L'une de vos réponses, justement à propos de Corisande, évoque vos archives. Lesquelles sont-elles? Où sont-elles? Au risque de vous importuner, c'est bien Corisande qui m'intéresse et, outre vos archives, je ne vois pas où elle pourrait bien se cacher. Qu'il a-t-il d'écrit sur Corisande?

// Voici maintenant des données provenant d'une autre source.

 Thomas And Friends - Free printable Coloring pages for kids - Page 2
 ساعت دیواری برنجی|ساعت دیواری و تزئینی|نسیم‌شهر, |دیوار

En ce qui la concerne, mes préoccupations vont bien moins à son tempérament maternel et enfants -morts ou vifs- qu'à son tempérament amoureux et élans de coeur ou de corps. J'aimerais suivre un instant Corisande car j'écris sur les libertins que l'histoire fait s'extasier au XVIIIe. Pourtant, le XVIe et le XVIIe étaient-ils si sobres? Si prudes? Si ennuyeux du point de vue des amours légères?
J'en doute! On voit bien que votre Majesté ...

La prochaine fois, je vous promets de parler de guerre et de politique, quoi qu'il me semble que l'on en meure plus vite et plus facilement!
 
En vous remerciant gracieusement,
Donatienne



Paris au tournant de l'an chrétien 1610.
 
Madame Donatienne,
 
Vous mentionnez le nom de la belle Corisande -nom emprunté au célèbre roman chevaleresque L'Amadis des Gaules- de son vrai nom Diane d'Andoins. Vous pourrez apercevoir dans mes archives «enfants illégitimes» un passage intéressant sur cette belle dame inspirée par la poésie et les beaux-arts. Tout ce que je peux vous dire, c'est que j'en étais follement amoureux depuis ma plus tendre enfance. En effet ma mère, la très pieuse Jeanne d'Albret, l'avait éduquée et nous passâmes notre jeunesse ensemble. Elle épousa le Gascon Phillipe d'Armont mais le décès soudain de ce dernier a fait en sorte que nous avons pu nous retrouver. Cette dame aura toujours une place de choix dans mon coeur.
 
Oui Madame ne doutez point des amours légères de votre roi, elles sont très intéressantes.